Starting at the line that contains "used 2018 Chevrolet", write out every line to the end of the records below exactly, and leave out the pictures.

++++ SUPPLIED MATERIAL

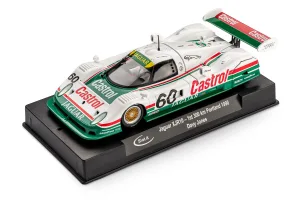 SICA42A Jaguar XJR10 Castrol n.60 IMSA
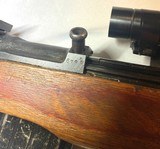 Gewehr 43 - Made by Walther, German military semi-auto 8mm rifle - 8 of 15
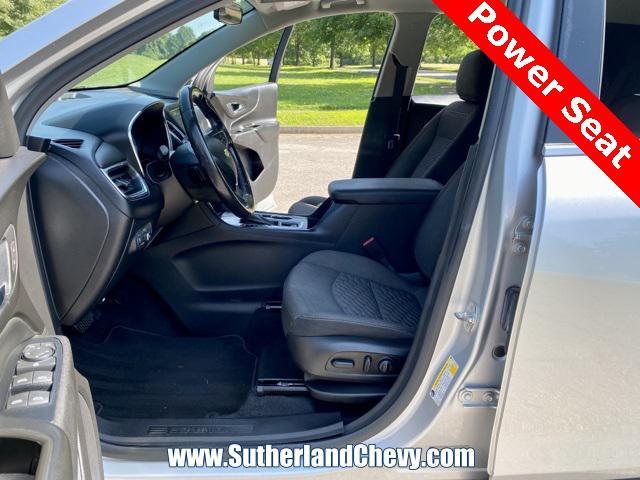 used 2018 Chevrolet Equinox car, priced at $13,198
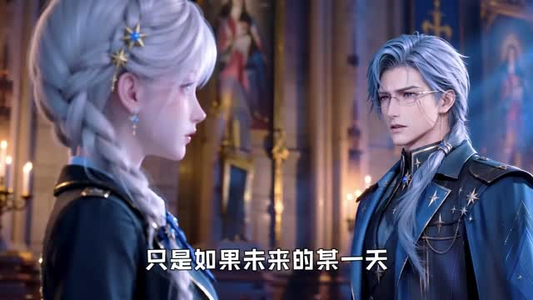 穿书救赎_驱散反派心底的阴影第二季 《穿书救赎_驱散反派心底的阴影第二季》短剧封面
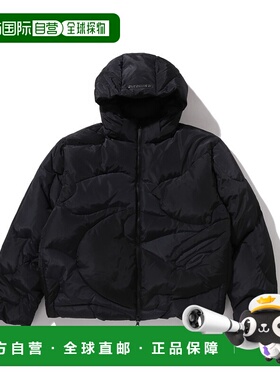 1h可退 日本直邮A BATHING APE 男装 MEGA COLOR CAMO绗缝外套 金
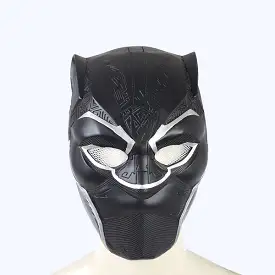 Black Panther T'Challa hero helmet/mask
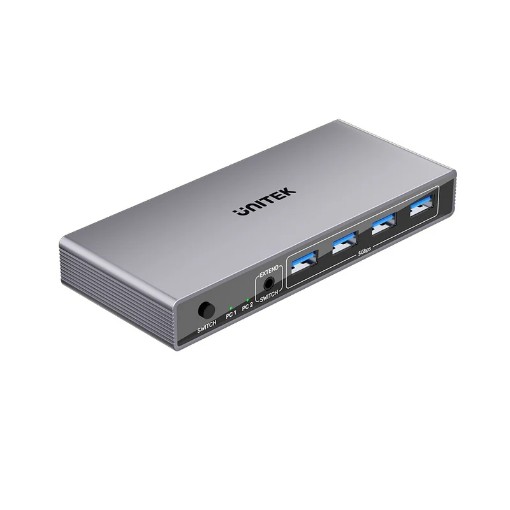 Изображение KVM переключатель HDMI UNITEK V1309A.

++++++++

* [EXERCISE ANSWER]
 used 2018 Chevrolet Equinox car, priced at $13,198
 穿书救赎_驱散反派心底的阴影第二季 《穿书救赎_驱散反派心底的阴影第二季》短剧封面
 1h可退 日本直邮A BATHING APE 男装 MEGA COLOR CAMO绗缝外套 金
 Black Panther T'Challa hero helmet/mask
 Изображение KVM переключатель HDMI UNITEK V1309A.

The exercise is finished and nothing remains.